Segment Start: Given records

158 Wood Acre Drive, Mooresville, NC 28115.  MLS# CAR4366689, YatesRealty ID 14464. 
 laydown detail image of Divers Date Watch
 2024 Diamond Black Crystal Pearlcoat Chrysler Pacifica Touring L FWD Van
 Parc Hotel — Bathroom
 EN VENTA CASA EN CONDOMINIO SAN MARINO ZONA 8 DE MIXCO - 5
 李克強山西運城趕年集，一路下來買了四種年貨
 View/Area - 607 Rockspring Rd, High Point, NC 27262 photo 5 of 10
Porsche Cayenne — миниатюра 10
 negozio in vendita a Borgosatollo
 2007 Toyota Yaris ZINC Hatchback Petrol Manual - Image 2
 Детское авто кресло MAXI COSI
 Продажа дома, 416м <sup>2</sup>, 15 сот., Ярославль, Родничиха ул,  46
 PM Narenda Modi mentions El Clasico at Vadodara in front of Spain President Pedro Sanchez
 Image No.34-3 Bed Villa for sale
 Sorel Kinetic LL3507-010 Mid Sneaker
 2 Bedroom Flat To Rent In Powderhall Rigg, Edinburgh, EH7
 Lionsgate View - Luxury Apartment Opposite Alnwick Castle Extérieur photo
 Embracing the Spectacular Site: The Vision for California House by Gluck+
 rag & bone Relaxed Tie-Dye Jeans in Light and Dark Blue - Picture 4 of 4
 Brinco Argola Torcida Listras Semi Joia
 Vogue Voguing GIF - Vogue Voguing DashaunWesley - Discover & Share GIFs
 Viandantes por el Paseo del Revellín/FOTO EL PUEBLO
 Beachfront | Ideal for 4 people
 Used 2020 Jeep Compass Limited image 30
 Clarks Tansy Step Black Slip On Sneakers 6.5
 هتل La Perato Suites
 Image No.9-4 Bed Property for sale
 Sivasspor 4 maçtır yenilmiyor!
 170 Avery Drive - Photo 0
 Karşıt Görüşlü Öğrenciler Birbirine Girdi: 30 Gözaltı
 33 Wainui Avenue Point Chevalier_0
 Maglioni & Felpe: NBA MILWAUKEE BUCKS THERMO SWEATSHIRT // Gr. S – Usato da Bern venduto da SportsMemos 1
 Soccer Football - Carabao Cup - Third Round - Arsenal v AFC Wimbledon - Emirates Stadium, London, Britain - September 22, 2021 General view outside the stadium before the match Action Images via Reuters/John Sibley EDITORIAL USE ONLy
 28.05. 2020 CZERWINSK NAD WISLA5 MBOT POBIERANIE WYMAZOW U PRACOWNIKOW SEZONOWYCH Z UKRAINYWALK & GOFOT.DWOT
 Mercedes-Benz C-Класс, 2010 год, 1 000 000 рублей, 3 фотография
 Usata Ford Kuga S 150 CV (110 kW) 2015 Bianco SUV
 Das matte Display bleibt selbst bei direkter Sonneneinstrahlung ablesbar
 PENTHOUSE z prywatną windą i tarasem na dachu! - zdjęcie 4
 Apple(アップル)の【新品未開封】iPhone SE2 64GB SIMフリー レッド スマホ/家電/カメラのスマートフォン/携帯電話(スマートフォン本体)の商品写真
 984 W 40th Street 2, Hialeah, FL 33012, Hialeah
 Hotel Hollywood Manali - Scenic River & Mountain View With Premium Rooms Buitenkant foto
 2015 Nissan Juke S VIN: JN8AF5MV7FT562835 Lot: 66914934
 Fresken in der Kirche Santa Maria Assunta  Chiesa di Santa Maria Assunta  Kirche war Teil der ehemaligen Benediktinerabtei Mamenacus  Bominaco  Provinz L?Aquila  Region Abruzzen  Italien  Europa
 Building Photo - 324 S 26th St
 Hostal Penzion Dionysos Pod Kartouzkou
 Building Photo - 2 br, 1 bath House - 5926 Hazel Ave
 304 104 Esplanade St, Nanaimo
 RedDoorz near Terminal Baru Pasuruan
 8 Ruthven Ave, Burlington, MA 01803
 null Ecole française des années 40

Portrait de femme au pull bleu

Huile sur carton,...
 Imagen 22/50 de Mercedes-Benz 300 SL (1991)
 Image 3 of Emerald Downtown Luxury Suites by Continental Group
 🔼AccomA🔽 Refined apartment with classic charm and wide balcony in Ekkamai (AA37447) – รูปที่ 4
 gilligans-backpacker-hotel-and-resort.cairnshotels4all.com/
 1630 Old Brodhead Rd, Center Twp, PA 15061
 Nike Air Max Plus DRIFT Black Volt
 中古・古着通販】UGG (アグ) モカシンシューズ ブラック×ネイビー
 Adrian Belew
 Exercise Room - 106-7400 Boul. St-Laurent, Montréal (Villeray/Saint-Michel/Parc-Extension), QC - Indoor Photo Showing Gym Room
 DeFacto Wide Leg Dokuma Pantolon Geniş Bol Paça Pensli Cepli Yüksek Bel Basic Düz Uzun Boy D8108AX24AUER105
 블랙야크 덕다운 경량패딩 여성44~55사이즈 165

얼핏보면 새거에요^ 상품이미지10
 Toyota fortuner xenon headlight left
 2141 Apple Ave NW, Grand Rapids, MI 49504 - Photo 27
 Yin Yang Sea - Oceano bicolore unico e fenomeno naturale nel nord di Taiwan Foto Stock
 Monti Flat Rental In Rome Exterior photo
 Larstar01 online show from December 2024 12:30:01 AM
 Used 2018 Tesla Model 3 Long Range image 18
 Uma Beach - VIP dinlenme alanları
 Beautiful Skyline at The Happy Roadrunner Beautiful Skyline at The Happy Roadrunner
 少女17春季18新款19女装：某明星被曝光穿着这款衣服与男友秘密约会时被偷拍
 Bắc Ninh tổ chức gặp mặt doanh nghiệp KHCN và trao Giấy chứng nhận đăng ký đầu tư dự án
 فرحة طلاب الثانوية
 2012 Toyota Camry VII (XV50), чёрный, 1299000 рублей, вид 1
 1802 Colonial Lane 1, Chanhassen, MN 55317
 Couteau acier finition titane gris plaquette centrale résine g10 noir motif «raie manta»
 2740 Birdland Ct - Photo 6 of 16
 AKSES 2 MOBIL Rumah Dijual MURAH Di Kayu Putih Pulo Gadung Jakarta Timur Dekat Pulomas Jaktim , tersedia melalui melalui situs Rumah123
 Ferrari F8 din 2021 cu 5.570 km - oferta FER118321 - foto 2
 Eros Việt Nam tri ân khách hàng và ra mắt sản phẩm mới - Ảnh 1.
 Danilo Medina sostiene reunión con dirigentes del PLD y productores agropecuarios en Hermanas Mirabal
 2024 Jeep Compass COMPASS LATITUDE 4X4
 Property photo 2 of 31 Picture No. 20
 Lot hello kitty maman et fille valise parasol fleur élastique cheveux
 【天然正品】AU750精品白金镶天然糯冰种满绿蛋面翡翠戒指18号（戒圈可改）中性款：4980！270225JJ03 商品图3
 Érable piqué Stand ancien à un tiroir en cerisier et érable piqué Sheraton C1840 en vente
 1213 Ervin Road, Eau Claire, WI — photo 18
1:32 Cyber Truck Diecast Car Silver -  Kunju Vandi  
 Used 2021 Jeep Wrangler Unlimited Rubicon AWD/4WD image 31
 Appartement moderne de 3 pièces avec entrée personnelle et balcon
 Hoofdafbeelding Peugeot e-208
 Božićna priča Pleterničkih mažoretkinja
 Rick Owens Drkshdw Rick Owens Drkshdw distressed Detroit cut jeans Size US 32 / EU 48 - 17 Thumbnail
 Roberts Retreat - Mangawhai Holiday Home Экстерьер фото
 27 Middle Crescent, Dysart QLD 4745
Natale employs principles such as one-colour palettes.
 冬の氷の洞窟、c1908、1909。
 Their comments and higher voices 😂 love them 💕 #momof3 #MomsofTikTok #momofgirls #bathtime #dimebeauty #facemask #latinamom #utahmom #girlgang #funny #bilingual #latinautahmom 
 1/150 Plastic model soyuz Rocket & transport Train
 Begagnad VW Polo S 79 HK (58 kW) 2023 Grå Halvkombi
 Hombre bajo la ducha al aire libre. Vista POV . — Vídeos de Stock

Segment End: Given records

__Instructions for the task__: At the first line of the material above, start reproducing each line exactly, and end with the line that holds "EN VENTA CASA", adding nothing.

__Written solution__:
158 Wood Acre Drive, Mooresville, NC 28115.  MLS# CAR4366689, YatesRealty ID 14464. 
 laydown detail image of Divers Date Watch
 2024 Diamond Black Crystal Pearlcoat Chrysler Pacifica Touring L FWD Van
 Parc Hotel — Bathroom
 EN VENTA CASA EN CONDOMINIO SAN MARINO ZONA 8 DE MIXCO - 5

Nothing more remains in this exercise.